---------- DATA UNDER STUDY ----------
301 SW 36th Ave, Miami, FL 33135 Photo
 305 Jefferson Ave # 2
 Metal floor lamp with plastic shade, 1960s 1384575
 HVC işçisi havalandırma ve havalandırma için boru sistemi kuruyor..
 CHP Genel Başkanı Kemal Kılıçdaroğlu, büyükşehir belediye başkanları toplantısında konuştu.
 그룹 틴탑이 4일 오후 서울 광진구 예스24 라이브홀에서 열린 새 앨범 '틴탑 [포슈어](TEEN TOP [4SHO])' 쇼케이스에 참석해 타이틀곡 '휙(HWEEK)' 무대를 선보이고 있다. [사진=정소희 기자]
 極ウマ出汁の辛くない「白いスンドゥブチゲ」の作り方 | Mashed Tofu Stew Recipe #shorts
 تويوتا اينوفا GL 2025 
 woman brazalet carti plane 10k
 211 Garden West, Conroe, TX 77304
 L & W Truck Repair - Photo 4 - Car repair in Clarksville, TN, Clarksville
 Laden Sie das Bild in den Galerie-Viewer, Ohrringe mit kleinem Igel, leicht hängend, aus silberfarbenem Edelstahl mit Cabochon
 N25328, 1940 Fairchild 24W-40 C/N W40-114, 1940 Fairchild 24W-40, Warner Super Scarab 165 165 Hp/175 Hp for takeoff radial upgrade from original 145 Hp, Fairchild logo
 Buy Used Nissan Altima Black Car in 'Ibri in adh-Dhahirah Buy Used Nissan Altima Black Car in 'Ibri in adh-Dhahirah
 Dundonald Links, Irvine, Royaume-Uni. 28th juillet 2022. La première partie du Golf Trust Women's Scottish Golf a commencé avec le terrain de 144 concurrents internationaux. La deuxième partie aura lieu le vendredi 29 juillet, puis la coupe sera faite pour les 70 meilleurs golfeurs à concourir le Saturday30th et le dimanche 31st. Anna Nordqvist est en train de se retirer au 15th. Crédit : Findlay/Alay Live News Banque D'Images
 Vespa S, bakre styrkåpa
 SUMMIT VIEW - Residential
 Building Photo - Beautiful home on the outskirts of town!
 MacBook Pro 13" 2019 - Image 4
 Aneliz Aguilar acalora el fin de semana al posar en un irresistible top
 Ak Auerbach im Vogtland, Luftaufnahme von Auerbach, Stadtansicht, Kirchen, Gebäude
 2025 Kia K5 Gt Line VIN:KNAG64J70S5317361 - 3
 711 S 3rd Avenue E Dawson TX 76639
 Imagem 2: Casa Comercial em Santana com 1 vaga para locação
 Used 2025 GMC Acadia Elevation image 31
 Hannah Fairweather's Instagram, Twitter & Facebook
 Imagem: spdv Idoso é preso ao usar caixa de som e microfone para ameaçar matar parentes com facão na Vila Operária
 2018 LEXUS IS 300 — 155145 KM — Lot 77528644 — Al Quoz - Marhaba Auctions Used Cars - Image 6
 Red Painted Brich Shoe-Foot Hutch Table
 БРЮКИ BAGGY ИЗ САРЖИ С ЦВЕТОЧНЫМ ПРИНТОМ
----------
• WHAT TO PRODUCE
Return the lines above, from the one containing "Red Painted Brich Shoe-Foot Hutch Table" to the end, exactly as they stand.

• RESULT BELOW
 Red Painted Brich Shoe-Foot Hutch Table
 БРЮКИ BAGGY ИЗ САРЖИ С ЦВЕТОЧНЫМ ПРИНТОМ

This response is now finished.